— Отстань, не сейчас, позже, разве не видишь, папа устал с дороги…

И усталый отец садился в большой комнате, а ко мне так и не заглядывал, а ведь я наводила порядок, потому что отец приезжает, и мишка был спрятан, и ни одной мелочи на виду…

— Он потом к тебе зайдет…

И:

— Займись математикой, ты ведь не хочешь огорчать папу!

Тройка не очень хорошая отметка, но вычислять площадь призмы было так скучно…

— Ты же знаешь, сколько мне приходится работать, чтобы у тебя… чтобы ты была… чтобы ты делала…

Знаю-знаю, потому что у меня ведь нет отца, а есть только вечно озабоченная мама. Поэтому когда он входит в дом в следующую пятницу, я должна сделать вид, что у нас все хорошо: улыбнуться, прижаться щекой к колючей щетине.

— Как дела, дорогая?

Мама незаметно сжимает мне руку.

Это значит: «Не вздумай огорчать отца!»

И я говорю:

— Все хорошо, папочка.

И продолжаю делать вид, что все хорошо, пока мы не попрощаемся.


Поэтому я решила бороться за свою собственную семью. То, какой она будет, зависит только от меня.

Если я буду хорошей, он тоже будет со мной хорошим.

Он. Мой муж. Главное слово: будет.


Откуда мне было знать, что моя жизнь сложится так? Что если ищешь того, кто должен беречь тебя и заботиться о тебе, ты словно посылаешь сигнал: «Я слабая».

Откуда мне было знать, что мужчина, который обнимал меня и говорил слова любви, умоляя стать его женой, станет меня бить?

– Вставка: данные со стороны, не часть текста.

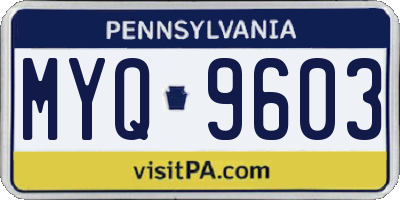 PA license plate MYQ9603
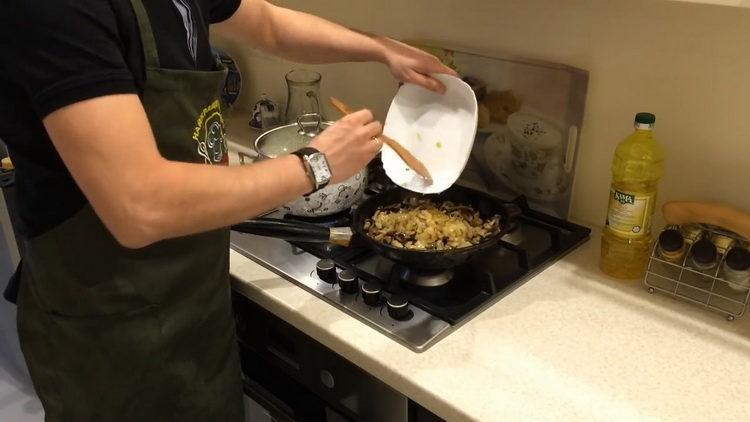 Delicious fried mushrooms with onions
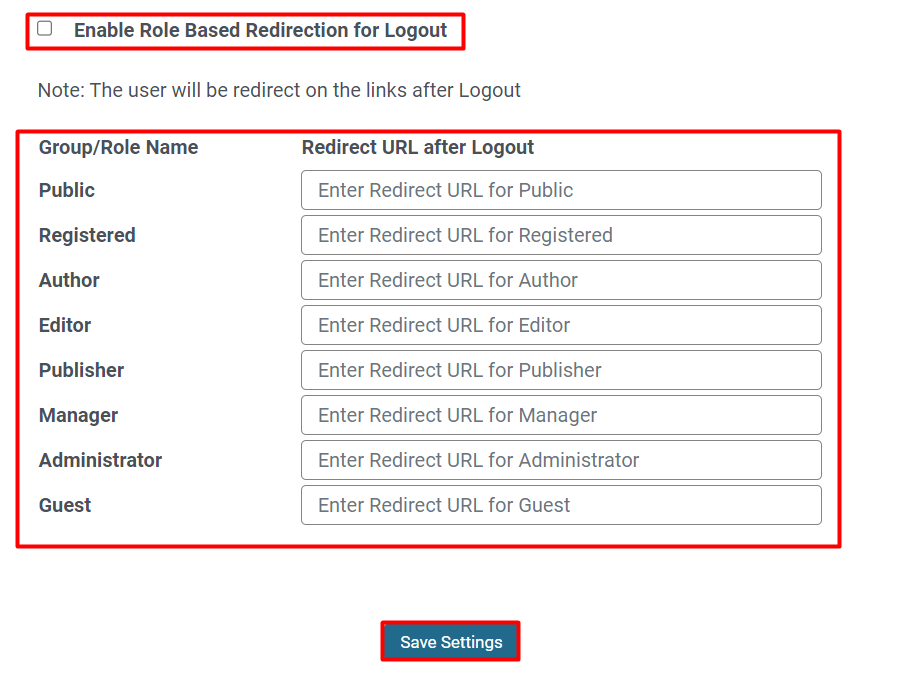 Enable Role Based Redirection - Logout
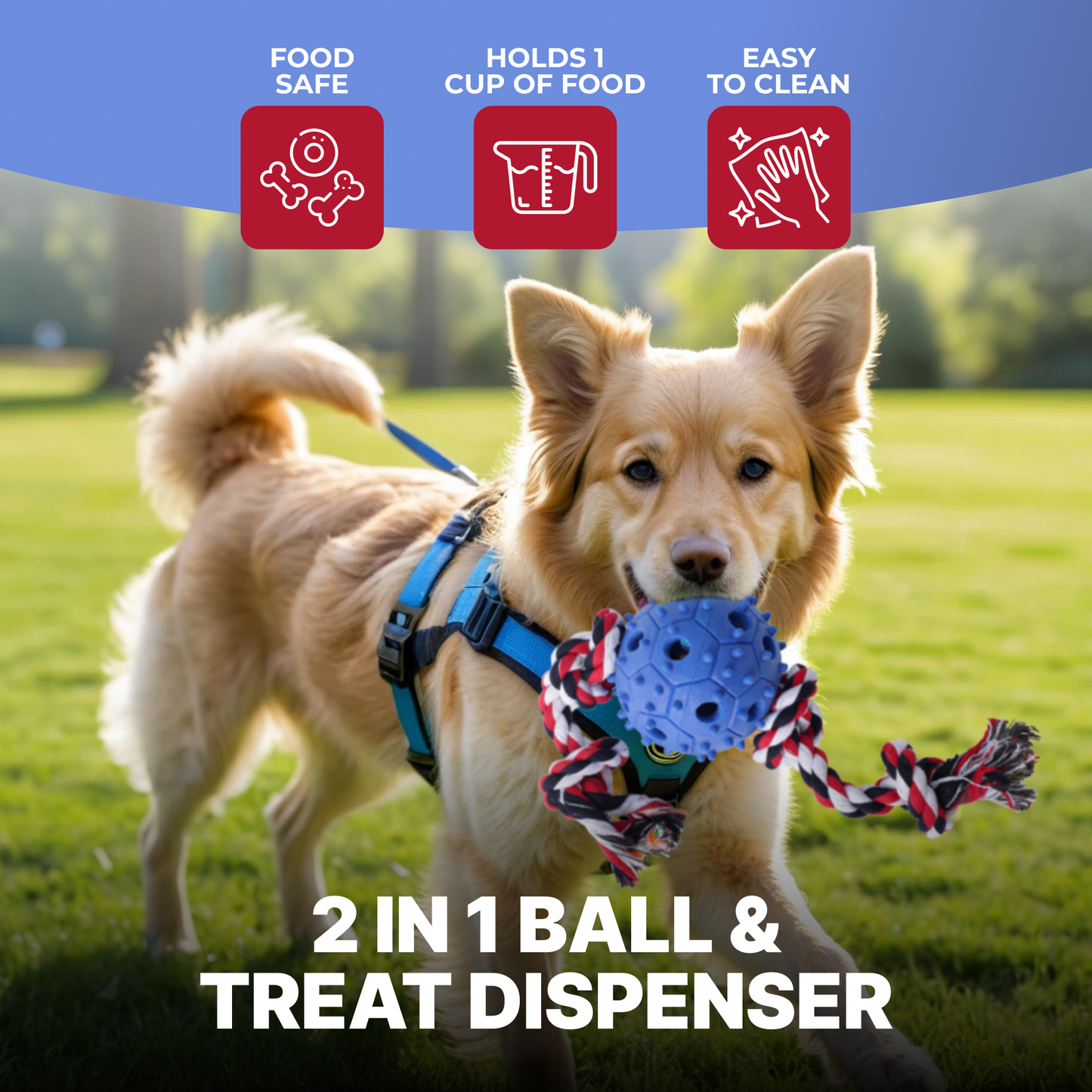 Dog Chew Toy with Tug of War Rope & Treat Dispenser Rubber Ball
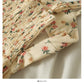 Sweet wind printed pleated high waist thin medium length dress  2707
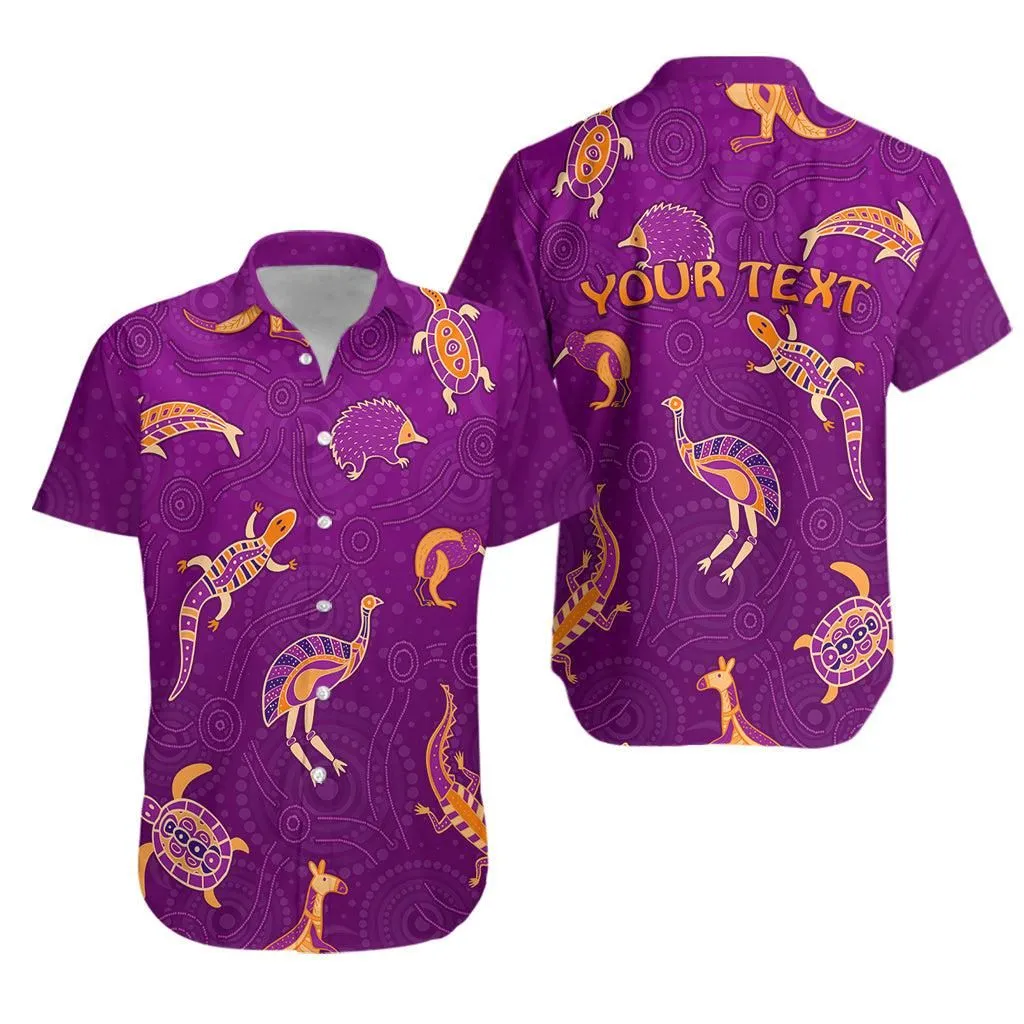 (Custom Personalised) Aboriginal Art Hawaiian Shirt Animals Australia Version Purple Lt13_0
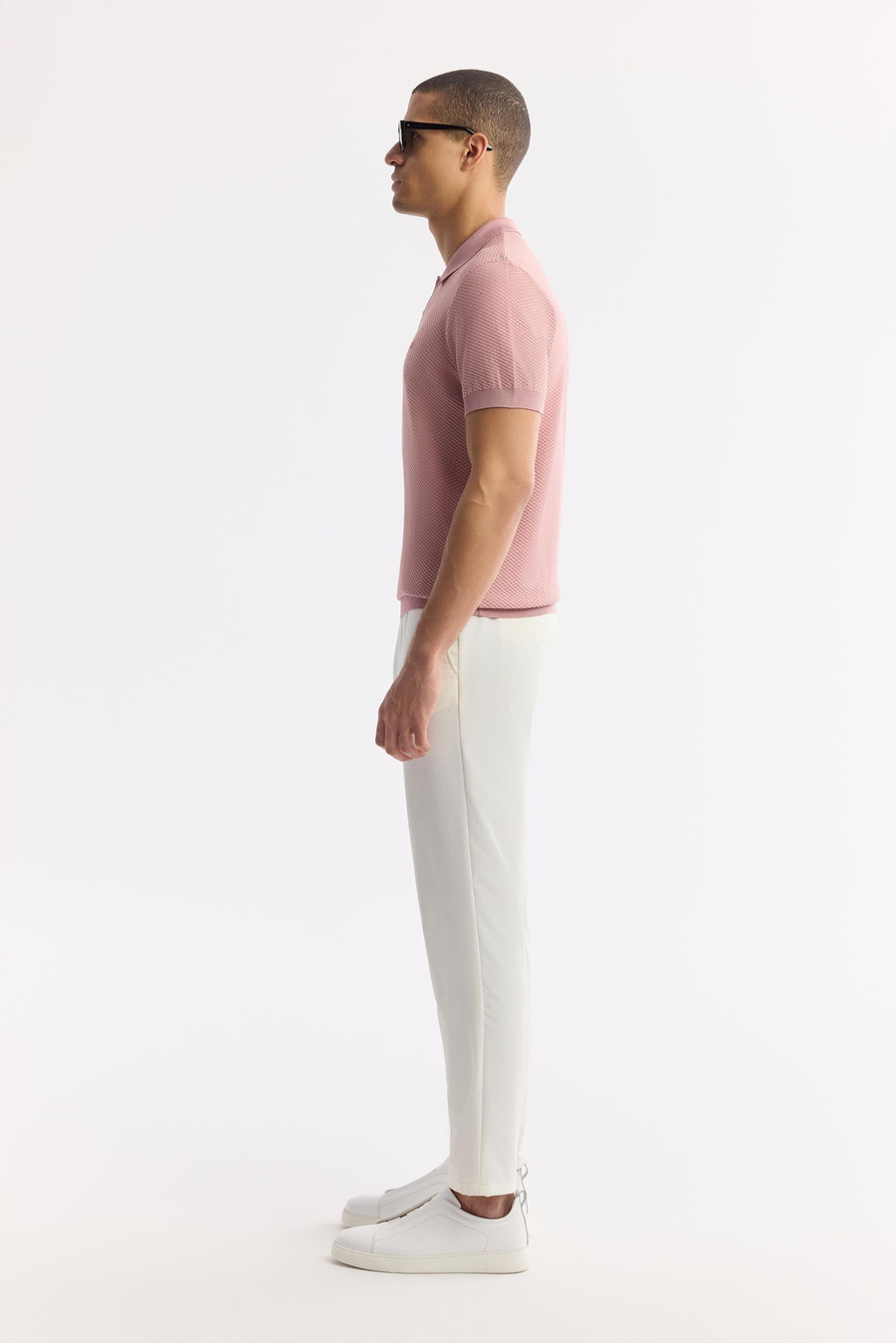 Pembe Polo Yaka Dokulu Triko T-shirt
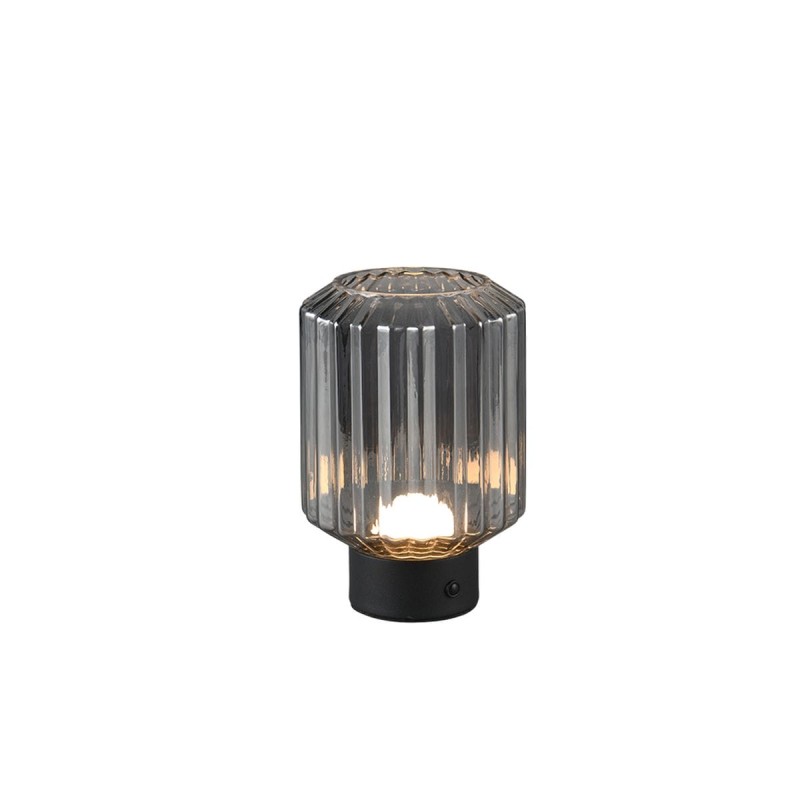 Lampe de table LORD 1x2W LED Noir mat verre fumé TRI_R57761154 R57761154 Lampe de table LORD 1x2W LED Noir mat verre fumé R57761154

Я считала, что колотят жен мужчины, которые не знают в совершенстве французского и английского, не переводят сложные тексты, не заканчивали институтов, не работают на хороших должностях. Те, которых никто не любит. Простые мужики, проводящие время у пивных ларьков, которые шутят, сплевывая сквозь гнилые зубы: «Кого люблю, того и бью».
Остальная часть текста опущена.